3.2 Growing Interest in Global Education

The publication of the Delors report reflected and animated a renewed interest in revisiting the goals of education in countries around the world. At a time of growing global interdependence, this revision led to an embracing of cosmopolitan aspirations for global education. This is most explicitly reflected in Delors’ goal of “learning to live together.”

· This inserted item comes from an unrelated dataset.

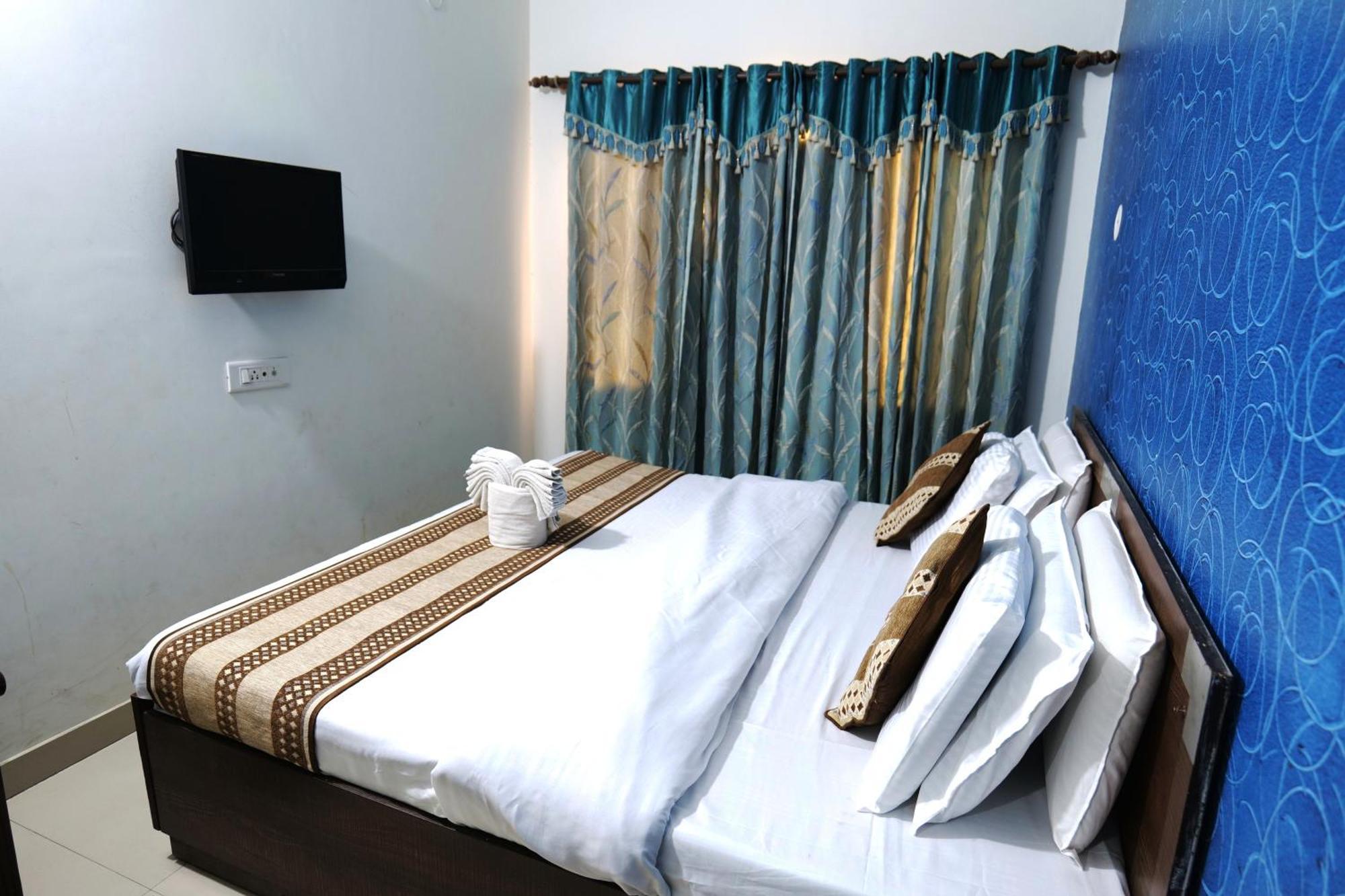 Hotel Holiday Comfort Amritsar Exterior foto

A year after the Delors report was published, and as national and global conversations began to adopt its recommendations to think more ambitiously about what human capacities schools should develop, the Organization for Economic Cooperation and Development (OECD) launched an undertaking that would lead to greater operational clarity with regards to such capacities, the Definition and Selection of Competencies Project (known as the DeSeCo Project). The result of this expert consultation was to identify key competencies and help define overarching goals for education systems and lifelong learning (Rychen and Salganik 2001, 2003). DeSeCo identified as key competencies: interacting in socially heterogeneous groups, acting autonomously and using tools interactively. Each competency has an internal structure comprising various domains, for instance, the ability to cooperate encompasses: knowledge, cognitive skills, practical skills, attitudes, emotions, values and ethics and motivation related to cooperation (Rychen and Salganik 2003, p 44). DeSeCo is itself a cross-national collaboration that engages with the question of the common values and demands that justify the elaboration of a universal taxonomy of competencies:

For our purpose (i.e., defining and selecting key competencies for a successful life and a well-functioning society), the assumed common values and the widespread acceptance of the international conventions means that universal objectives such as respect for human rights and sustainable development do exist and can serve as a regulative ideal and normative anchoring point for the discourse on key competencies. (Rychen 2003, p. 70–71)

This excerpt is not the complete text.